Experiments - Libretto

Perhaps one of the best ways to discover better versions of your prompts is Libretto's Experiments feature. Based on the type of Experiment, Libretto will create new Variants - versions of your prompt template that are re-worded or differ in structure - to help you find the best possible prompt.

We are constantly adding new Experiment types based on the latest prompt engineering research.

Starting an Experiment

You can start an Experiment via the buttons in the Playground or Leaderboard. This will bring up a modal for you to choose the desired Experiment settings.

Experiment Type

First, choose which type of Experiment you'd like to run: Few-Shot, Magic Words, LLM Model Versions, or Prompt Rephrasing. Each type has their own method and number of steps for discovering new Variants.

Few Shots

A Few-Shot Experiment will inject a mix of varying numbered test cases into your prompt. This better instructs LLMs how to format its response in your desired format.

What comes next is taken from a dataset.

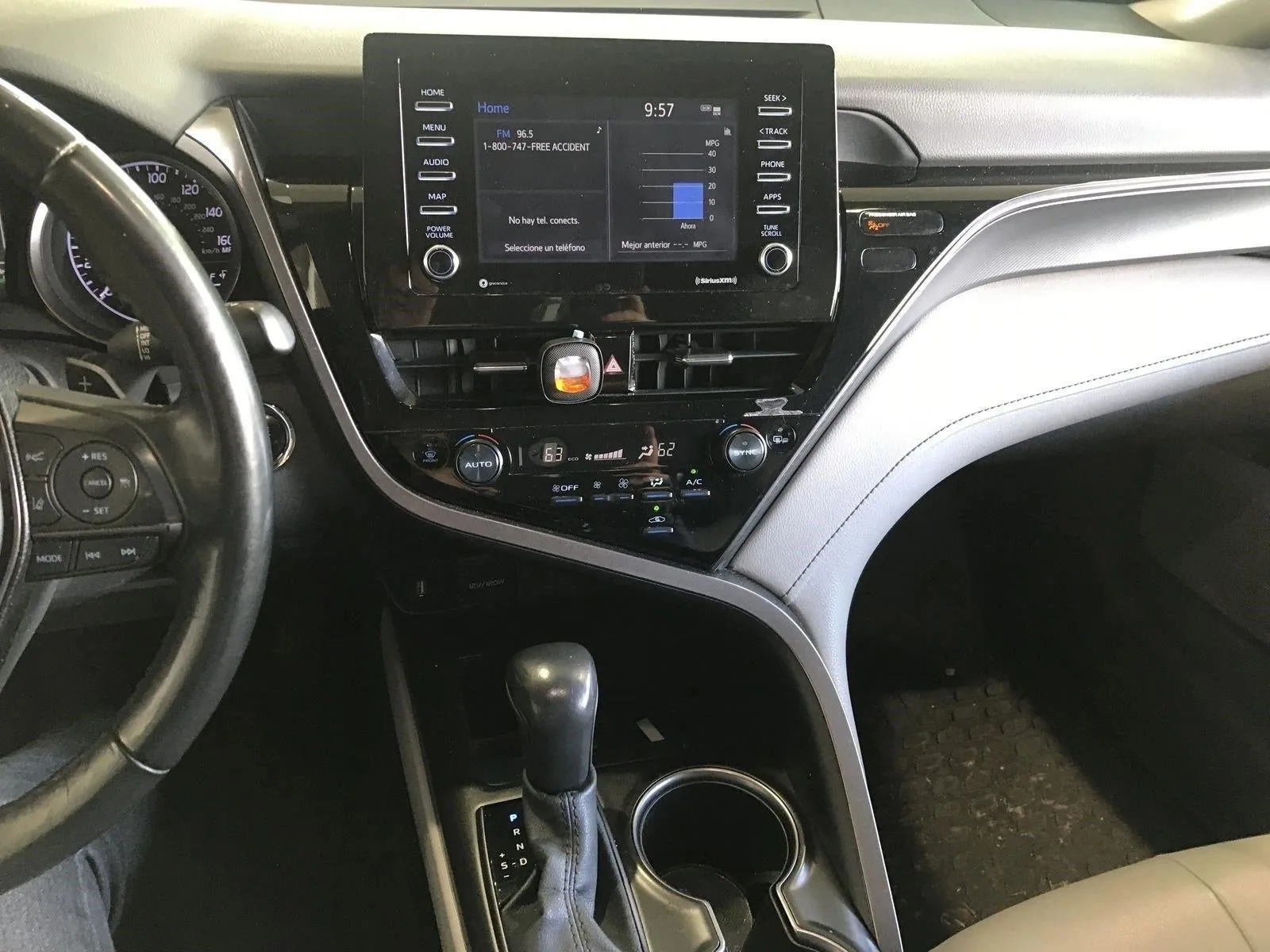 2022 Toyota Camry SE Auto (SE) photo 12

Currently, this is a two step Experiment. The first step will insert the test cases into the prompt; the second will try to combine to the best-performing Variants from the first step to create new Variants.

Magic Words

Magic word variations strategically add specific words or phrases into your prompts. These act as cues to the LLM to reframe their response with more relevant and high-quality results.

This is a longer-running experiment, that will continue to iterate, adjust, and generate new System instructions.

Model Version

Select from the list of available models to evaluate your prompt template against. By default, your current model will be selected so that there is a baseline for other model results to compare against.

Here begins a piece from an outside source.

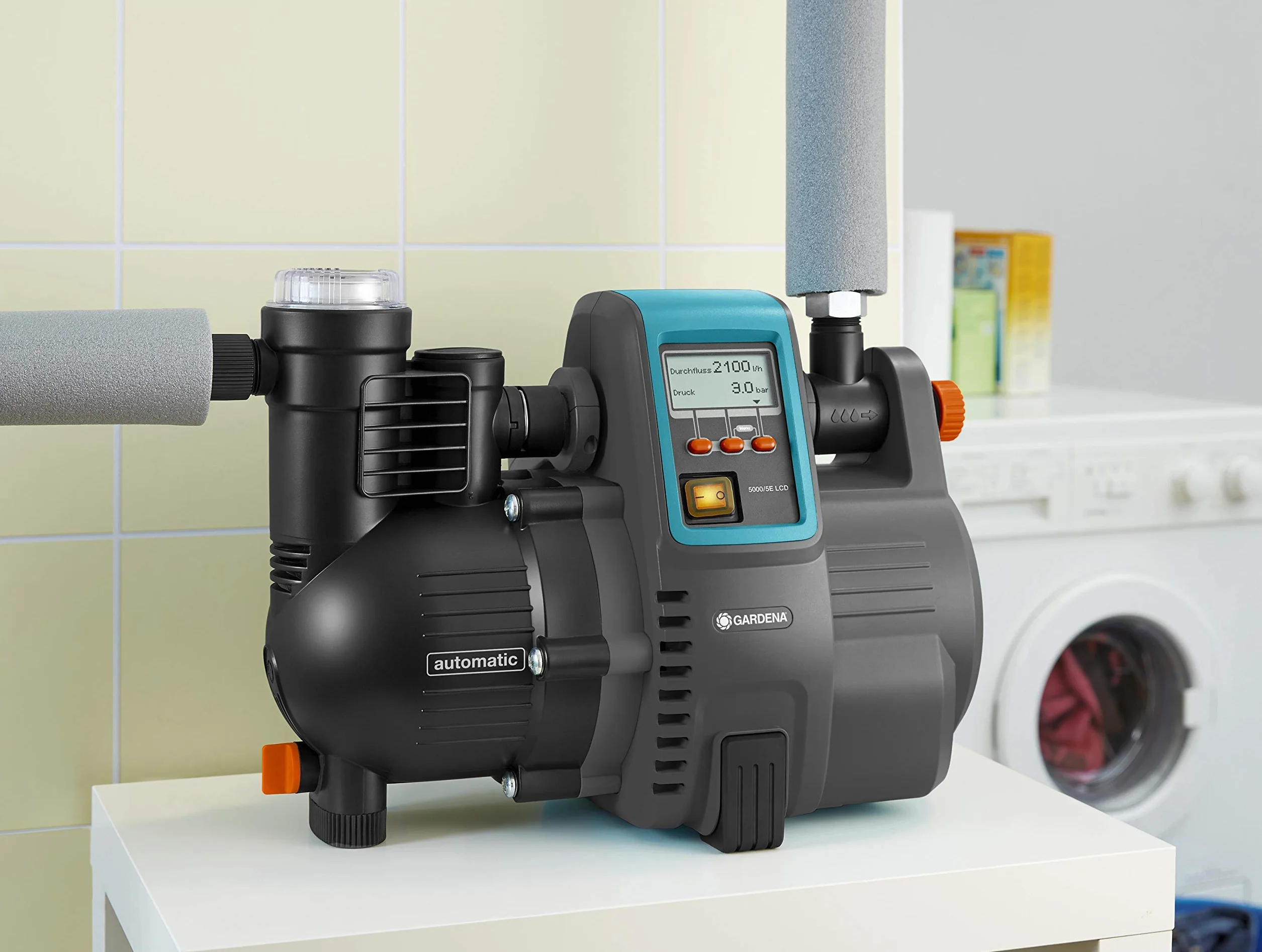 Gardena automatyczny hydrofor Comfort 5000/5E LCD: wyświetlacz LCD, energooszczędność, wydajność 5000 l/h, silnik 1300 W, ochronny wyłącznik termiczny i zabezpieczenie przed pracą na sucho (1759-20)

This can make testing a wide variety of the latest and greatest models incredibly simple, with none of the setup and context switching.

Evals

Similar to how you chose eval metrics for your prompt template initially, select a primary eval metric for the Experiment Variants to be optimized for. Variants will also be run against currently set eval metrics for the prompt template as well for reference.

Reviewing Experiment Results

Each of the Variants created by the Experiment will be presented in a table, grouped each Experiment Step.

Performance Vs Baseline

The primary criteria we utilize to compare Variants is the "Performance Vs Baseline" metric. We do a statistical comparison of the test case results for a given variant and compare it against the initial prompt.

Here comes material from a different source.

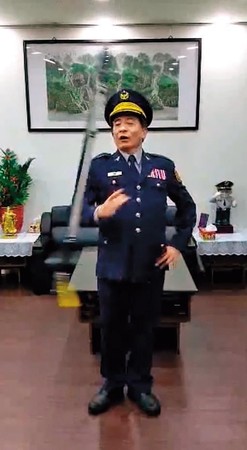 警政署督察陳文智（圖）在萬華分局長任內，操槍拜年作宣導受到好評。（翻攝臉書）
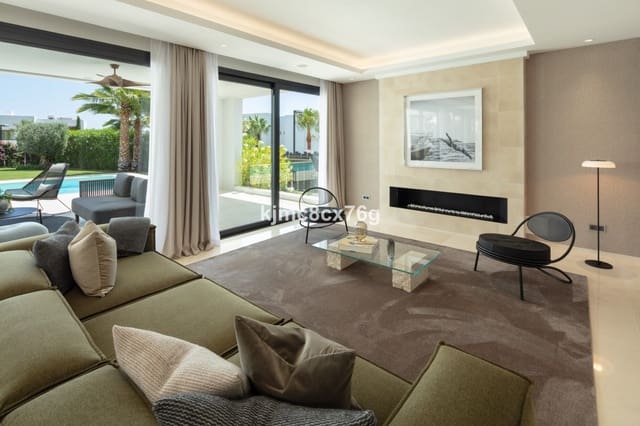 5 bedroom Villa for sale in Nueva Andalucia, Marbella with pool garage - € 2,995,000 (Ref: 6386482)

This metric is specified as a X.X% better/worse than the baseline. Naturally, we're looking for Variants that have the highest Performance Vs Baseline.

Promoting Variants

If you find a Variant you'd like to use in the future, you can Promote that prompt version/model pairing via the "Add to Playground" button on the top-right of the screen, or via the drop-down menu for the given Variant within the table.

Once Promoted, the Variant can be found in the Leaderboard, and can be edited in the Playground.

Starting a New Experiment

If you find a worthwhile Variant and would like to kick off the discovery cycle again, you can start a new Experiment with a given Variant by selecting the Variant from the drop-down at the top and clicking the 'Use this Variant to Start a New Experiment' button on the top-right.